Карла допивает чай. Завтра она продолжит чтение. Сейчас она встанет и пойдет в комнату к Нильсу, оторвет его от работы и будет обсуждать с ним слова Батлер о том, что другой пробуждает в нас доброту и в то же время призывает к насилию и что это удивительным образом совпадает с мыслями Карлы. Вероятно, это справедливо и в отношении Нильса. Или он скажет что-то другое, не менее интересное по этому поводу. А затем они вместе пойдут в гостиную, откроют бутылку вина, и Карла будет вновь говорить о том, как странно, что некоторым людям нравится Хайдеггер и что они обретают чувство простора при чтении его работ. А затем Нильс будет говорить о музыке и просторе. Карла поднимается и складывает мохеровый плед. Внутренний компас, чья стрелка так часто указывает в двух противоположных направлениях, еще ни разу ее серьезно не подводил.

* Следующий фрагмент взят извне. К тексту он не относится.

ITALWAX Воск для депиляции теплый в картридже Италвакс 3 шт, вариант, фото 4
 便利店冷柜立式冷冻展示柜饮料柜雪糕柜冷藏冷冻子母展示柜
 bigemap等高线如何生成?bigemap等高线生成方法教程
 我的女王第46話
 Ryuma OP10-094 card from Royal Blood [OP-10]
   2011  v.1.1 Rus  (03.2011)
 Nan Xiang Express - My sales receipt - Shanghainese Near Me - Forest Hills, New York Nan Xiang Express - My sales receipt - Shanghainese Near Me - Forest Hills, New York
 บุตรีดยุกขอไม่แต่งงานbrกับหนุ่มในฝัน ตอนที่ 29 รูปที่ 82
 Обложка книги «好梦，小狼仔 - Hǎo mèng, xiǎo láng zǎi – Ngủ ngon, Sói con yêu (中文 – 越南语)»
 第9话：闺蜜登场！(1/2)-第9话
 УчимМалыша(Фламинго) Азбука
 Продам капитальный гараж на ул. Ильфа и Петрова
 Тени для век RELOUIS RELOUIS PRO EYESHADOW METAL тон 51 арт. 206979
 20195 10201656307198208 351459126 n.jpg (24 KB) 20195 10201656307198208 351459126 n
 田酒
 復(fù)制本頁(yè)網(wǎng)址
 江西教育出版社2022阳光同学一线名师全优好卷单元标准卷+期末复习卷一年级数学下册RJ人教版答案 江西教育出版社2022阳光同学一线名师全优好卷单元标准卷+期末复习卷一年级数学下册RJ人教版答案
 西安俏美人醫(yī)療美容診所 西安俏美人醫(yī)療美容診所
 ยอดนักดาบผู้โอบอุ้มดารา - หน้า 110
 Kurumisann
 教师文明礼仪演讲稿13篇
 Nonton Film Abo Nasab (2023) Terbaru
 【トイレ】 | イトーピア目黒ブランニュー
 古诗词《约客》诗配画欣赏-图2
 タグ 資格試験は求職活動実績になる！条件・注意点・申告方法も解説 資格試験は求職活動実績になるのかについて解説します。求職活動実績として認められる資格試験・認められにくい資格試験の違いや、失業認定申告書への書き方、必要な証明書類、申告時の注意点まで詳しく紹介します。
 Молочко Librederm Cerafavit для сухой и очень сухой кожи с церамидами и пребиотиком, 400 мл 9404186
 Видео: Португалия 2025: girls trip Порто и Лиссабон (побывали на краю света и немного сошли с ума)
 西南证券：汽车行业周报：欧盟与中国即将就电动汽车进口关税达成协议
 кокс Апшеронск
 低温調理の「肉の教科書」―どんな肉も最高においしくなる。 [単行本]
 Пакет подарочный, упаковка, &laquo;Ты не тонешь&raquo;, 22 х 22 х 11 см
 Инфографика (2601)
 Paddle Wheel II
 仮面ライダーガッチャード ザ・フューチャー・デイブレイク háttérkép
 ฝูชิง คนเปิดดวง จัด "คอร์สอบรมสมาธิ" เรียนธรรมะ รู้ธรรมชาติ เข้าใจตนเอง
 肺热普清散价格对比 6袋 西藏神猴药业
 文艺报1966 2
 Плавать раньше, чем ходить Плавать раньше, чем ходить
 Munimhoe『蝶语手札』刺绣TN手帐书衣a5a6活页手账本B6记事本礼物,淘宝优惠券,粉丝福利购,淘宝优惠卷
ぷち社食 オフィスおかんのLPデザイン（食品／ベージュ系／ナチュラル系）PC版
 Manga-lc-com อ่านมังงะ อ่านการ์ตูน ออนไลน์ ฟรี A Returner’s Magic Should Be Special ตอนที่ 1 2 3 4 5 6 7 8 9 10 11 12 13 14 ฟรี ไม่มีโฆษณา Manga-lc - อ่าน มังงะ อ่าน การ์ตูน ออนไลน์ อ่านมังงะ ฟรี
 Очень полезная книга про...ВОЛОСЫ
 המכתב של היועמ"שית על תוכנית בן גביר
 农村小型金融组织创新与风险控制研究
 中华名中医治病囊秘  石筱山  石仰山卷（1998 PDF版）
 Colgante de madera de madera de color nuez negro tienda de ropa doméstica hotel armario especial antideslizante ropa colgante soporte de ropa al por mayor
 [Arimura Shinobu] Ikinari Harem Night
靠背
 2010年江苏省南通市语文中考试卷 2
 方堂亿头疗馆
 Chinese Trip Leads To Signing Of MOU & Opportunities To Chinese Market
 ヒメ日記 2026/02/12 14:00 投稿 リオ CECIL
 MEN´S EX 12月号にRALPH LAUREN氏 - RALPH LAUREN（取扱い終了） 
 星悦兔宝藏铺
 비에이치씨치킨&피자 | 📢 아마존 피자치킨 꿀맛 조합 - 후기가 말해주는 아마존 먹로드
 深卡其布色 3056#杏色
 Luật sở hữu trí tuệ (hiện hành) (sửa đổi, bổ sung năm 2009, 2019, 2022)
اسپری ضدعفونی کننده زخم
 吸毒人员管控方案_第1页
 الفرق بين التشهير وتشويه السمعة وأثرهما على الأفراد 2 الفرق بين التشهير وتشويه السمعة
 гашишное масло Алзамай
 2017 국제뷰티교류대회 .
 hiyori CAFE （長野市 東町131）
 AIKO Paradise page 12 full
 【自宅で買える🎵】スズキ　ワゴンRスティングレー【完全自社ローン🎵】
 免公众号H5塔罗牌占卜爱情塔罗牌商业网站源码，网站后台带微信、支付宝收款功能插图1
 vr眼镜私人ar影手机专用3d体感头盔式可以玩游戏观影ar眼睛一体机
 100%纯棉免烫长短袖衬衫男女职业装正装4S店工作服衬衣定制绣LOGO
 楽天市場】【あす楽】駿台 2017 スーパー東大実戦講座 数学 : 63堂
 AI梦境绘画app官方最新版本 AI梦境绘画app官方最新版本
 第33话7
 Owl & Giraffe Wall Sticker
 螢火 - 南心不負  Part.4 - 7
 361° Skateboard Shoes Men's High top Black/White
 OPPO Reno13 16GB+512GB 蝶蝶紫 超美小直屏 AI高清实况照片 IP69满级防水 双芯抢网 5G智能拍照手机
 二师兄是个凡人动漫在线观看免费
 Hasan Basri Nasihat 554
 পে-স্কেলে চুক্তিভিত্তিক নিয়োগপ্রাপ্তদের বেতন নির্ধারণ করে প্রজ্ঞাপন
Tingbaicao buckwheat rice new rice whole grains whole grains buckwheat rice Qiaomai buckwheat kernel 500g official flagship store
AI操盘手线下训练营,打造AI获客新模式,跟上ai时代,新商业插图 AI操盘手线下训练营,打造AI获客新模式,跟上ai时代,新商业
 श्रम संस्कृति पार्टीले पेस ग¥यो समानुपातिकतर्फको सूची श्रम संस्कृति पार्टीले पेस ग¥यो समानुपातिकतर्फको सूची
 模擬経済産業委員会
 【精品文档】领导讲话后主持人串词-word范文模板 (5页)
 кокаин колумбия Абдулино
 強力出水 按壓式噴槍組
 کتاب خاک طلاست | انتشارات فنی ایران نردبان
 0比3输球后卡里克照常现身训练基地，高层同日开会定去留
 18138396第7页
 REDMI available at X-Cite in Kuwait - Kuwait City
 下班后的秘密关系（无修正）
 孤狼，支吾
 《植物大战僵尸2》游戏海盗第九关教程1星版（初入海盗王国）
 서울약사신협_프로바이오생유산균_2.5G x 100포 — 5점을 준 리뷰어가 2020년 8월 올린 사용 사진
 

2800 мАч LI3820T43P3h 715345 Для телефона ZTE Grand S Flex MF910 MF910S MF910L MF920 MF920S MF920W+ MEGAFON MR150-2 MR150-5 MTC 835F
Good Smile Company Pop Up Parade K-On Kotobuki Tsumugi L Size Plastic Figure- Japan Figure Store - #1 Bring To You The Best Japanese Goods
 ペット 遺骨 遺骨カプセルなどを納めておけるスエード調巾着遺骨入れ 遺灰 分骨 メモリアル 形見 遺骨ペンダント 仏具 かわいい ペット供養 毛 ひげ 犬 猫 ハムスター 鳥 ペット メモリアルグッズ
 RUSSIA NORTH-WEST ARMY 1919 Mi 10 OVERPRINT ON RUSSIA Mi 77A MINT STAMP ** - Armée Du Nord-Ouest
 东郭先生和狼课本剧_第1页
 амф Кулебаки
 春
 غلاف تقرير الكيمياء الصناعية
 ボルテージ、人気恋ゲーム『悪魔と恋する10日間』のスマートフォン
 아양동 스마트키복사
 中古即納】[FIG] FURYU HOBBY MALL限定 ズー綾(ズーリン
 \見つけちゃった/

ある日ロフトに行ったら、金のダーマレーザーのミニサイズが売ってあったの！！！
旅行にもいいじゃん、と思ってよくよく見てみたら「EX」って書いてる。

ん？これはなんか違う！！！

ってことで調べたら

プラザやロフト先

Фабьенн читает мысли окружающих

…и Милана Кундеру

Фабьенн отпирает входную дверь и быстро заглядывает во все комнаты загородного дома. Она договорилась провести выходные с подругами Каро и Беттиной, но они еще не приехали. На улице жарко и ветрено. Фабьенн чувствует усталость после долгого пути за рулем автомобиля. Она кладет сумку на первую попавшуюся кровать. Взгляд падает на стопку книг на прикроватном столике. Сверху лежит роман Милана Кундеры «Невыносимая легкость бытия». В шестнадцать лет эта книга ей очень нравилась. Тогда тоже стояло жаркое лето, и она читала романы Кундеры при любой удобной возможности: на берегу озера, в электричке и в приемной у ортодонта. Эти тексты были полной противоположностью слова «скука».

Фабьенн наливает кофе, садится на террасе и отрывает книгу. Сразу погружается в воспоминания. Здесь и Томаш, и Тереза, и Сабина с Францем. Фабьенн вспоминает всех. В их образах ничто не случайно. Они могут действовать только так и не иначе. В поступках каждого из героев есть своя логика и своя печаль. Читая, Фабьенн восстанавливает в памяти многие подробности, иногда даже место в тексте, где об этом говорится. Словно все снова встало на свои места.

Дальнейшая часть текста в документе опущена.